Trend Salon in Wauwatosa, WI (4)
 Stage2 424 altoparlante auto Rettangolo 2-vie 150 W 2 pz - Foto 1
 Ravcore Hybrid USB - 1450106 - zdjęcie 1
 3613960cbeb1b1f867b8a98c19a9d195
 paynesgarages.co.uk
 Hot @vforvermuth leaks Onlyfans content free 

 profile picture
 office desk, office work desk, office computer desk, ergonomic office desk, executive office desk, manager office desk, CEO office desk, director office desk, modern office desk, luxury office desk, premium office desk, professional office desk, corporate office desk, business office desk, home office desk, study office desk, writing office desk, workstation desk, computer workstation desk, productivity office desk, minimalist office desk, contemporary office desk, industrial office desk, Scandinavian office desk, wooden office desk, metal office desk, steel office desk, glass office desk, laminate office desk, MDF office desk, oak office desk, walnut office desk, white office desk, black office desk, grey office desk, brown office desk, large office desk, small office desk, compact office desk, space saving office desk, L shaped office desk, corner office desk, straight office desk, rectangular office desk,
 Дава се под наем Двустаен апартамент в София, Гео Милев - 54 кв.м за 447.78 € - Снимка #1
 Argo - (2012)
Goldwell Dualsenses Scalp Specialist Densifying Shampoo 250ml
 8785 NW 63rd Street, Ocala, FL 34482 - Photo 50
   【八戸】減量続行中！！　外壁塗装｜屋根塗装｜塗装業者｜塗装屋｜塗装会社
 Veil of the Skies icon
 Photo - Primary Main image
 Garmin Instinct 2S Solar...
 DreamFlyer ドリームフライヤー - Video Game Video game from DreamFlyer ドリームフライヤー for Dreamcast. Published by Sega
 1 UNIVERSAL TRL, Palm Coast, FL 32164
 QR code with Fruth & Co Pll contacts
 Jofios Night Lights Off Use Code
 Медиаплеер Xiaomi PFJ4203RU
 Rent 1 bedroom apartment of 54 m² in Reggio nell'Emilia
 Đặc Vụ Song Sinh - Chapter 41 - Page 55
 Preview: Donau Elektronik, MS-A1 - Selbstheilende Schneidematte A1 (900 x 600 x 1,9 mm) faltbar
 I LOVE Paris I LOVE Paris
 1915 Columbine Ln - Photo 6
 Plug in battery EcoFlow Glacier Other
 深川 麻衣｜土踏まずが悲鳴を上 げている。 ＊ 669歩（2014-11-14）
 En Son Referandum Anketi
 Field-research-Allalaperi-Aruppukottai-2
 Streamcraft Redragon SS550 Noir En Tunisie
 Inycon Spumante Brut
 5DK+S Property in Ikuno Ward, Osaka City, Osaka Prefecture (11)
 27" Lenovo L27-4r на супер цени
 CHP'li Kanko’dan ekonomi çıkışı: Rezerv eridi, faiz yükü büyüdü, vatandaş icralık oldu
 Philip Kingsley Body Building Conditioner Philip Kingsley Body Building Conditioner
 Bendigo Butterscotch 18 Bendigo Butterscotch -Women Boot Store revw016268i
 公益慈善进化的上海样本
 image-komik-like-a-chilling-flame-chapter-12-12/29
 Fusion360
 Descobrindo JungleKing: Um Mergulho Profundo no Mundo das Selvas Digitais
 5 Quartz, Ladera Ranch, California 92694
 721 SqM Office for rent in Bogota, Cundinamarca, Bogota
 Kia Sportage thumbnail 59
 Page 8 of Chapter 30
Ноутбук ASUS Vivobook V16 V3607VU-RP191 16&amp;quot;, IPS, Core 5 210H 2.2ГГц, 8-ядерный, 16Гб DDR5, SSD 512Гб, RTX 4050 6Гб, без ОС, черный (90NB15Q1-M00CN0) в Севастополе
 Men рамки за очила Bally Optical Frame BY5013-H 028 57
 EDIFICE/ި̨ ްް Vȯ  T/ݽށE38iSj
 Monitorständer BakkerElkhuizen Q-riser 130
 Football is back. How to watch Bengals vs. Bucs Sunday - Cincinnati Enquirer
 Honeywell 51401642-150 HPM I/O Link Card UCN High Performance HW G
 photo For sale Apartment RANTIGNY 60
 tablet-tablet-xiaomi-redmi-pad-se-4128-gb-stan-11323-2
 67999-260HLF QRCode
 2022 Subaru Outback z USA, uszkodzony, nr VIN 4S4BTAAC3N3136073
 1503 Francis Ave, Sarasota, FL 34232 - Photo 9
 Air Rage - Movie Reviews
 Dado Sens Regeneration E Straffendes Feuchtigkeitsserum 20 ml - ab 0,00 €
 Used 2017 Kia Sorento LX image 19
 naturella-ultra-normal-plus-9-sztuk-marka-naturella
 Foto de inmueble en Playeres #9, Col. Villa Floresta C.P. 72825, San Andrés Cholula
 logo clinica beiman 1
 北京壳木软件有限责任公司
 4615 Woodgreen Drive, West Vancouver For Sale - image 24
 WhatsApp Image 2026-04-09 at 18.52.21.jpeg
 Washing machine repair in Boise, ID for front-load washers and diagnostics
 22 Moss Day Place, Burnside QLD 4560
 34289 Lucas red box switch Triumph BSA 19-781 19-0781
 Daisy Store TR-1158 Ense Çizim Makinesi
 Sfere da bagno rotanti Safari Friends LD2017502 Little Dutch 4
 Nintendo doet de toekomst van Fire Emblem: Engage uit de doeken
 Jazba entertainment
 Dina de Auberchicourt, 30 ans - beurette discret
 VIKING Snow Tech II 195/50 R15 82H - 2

========

Each record above should be returned exactly as written.

▶ YOUR SOLUTION:
Trend Salon in Wauwatosa, WI (4)
 Stage2 424 altoparlante auto Rettangolo 2-vie 150 W 2 pz - Foto 1
 Ravcore Hybrid USB - 1450106 - zdjęcie 1
 3613960cbeb1b1f867b8a98c19a9d195
 paynesgarages.co.uk
 Hot @vforvermuth leaks Onlyfans content free 

 profile picture
 office desk, office work desk, office computer desk, ergonomic office desk, executive office desk, manager office desk, CEO office desk, director office desk, modern office desk, luxury office desk, premium office desk, professional office desk, corporate office desk, business office desk, home office desk, study office desk, writing office desk, workstation desk, computer workstation desk, productivity office desk, minimalist office desk, contemporary office desk, industrial office desk, Scandinavian office desk, wooden office desk, metal office desk, steel office desk, glass office desk, laminate office desk, MDF office desk, oak office desk, walnut office desk, white office desk, black office desk, grey office desk, brown office desk, large office desk, small office desk, compact office desk, space saving office desk, L shaped office desk, corner office desk, straight office desk, rectangular office desk,
 Дава се под наем Двустаен апартамент в София, Гео Милев - 54 кв.м за 447.78 € - Снимка #1
 Argo - (2012)
Goldwell Dualsenses Scalp Specialist Densifying Shampoo 250ml
 8785 NW 63rd Street, Ocala, FL 34482 - Photo 50
   【八戸】減量続行中！！　外壁塗装｜屋根塗装｜塗装業者｜塗装屋｜塗装会社
 Veil of the Skies icon
 Photo - Primary Main image
 Garmin Instinct 2S Solar...
 DreamFlyer ドリームフライヤー - Video Game Video game from DreamFlyer ドリームフライヤー for Dreamcast. Published by Sega
 1 UNIVERSAL TRL, Palm Coast, FL 32164
 QR code with Fruth & Co Pll contacts
 Jofios Night Lights Off Use Code
 Медиаплеер Xiaomi PFJ4203RU
 Rent 1 bedroom apartment of 54 m² in Reggio nell'Emilia
 Đặc Vụ Song Sinh - Chapter 41 - Page 55
 Preview: Donau Elektronik, MS-A1 - Selbstheilende Schneidematte A1 (900 x 600 x 1,9 mm) faltbar
 I LOVE Paris I LOVE Paris
 1915 Columbine Ln - Photo 6
 Plug in battery EcoFlow Glacier Other
 深川 麻衣｜土踏まずが悲鳴を上 げている。 ＊ 669歩（2014-11-14）
 En Son Referandum Anketi
 Field-research-Allalaperi-Aruppukottai-2
 Streamcraft Redragon SS550 Noir En Tunisie
 Inycon Spumante Brut
 5DK+S Property in Ikuno Ward, Osaka City, Osaka Prefecture (11)
 27" Lenovo L27-4r на супер цени
 CHP'li Kanko’dan ekonomi çıkışı: Rezerv eridi, faiz yükü büyüdü, vatandaş icralık oldu
 Philip Kingsley Body Building Conditioner Philip Kingsley Body Building Conditioner
 Bendigo Butterscotch 18 Bendigo Butterscotch -Women Boot Store revw016268i
 公益慈善进化的上海样本
 image-komik-like-a-chilling-flame-chapter-12-12/29
 Fusion360
 Descobrindo JungleKing: Um Mergulho Profundo no Mundo das Selvas Digitais
 5 Quartz, Ladera Ranch, California 92694
 721 SqM Office for rent in Bogota, Cundinamarca, Bogota
 Kia Sportage thumbnail 59
 Page 8 of Chapter 30
Ноутбук ASUS Vivobook V16 V3607VU-RP191 16&amp;quot;, IPS, Core 5 210H 2.2ГГц, 8-ядерный, 16Гб DDR5, SSD 512Гб, RTX 4050 6Гб, без ОС, черный (90NB15Q1-M00CN0) в Севастополе
 Men рамки за очила Bally Optical Frame BY5013-H 028 57
 EDIFICE/ި̨ ްް Vȯ  T/ݽށE38iSj
 Monitorständer BakkerElkhuizen Q-riser 130
 Football is back. How to watch Bengals vs. Bucs Sunday - Cincinnati Enquirer
 Honeywell 51401642-150 HPM I/O Link Card UCN High Performance HW G
 photo For sale Apartment RANTIGNY 60
 tablet-tablet-xiaomi-redmi-pad-se-4128-gb-stan-11323-2
 67999-260HLF QRCode
 2022 Subaru Outback z USA, uszkodzony, nr VIN 4S4BTAAC3N3136073
 1503 Francis Ave, Sarasota, FL 34232 - Photo 9
 Air Rage - Movie Reviews
 Dado Sens Regeneration E Straffendes Feuchtigkeitsserum 20 ml - ab 0,00 €
 Used 2017 Kia Sorento LX image 19
 naturella-ultra-normal-plus-9-sztuk-marka-naturella
 Foto de inmueble en Playeres #9, Col. Villa Floresta C.P. 72825, San Andrés Cholula
 logo clinica beiman 1
 北京壳木软件有限责任公司
 4615 Woodgreen Drive, West Vancouver For Sale - image 24
 WhatsApp Image 2026-04-09 at 18.52.21.jpeg
 Washing machine repair in Boise, ID for front-load washers and diagnostics
 22 Moss Day Place, Burnside QLD 4560
 34289 Lucas red box switch Triumph BSA 19-781 19-0781
 Daisy Store TR-1158 Ense Çizim Makinesi
 Sfere da bagno rotanti Safari Friends LD2017502 Little Dutch 4
 Nintendo doet de toekomst van Fire Emblem: Engage uit de doeken
 Jazba entertainment
 Dina de Auberchicourt, 30 ans - beurette discret
 VIKING Snow Tech II 195/50 R15 82H - 2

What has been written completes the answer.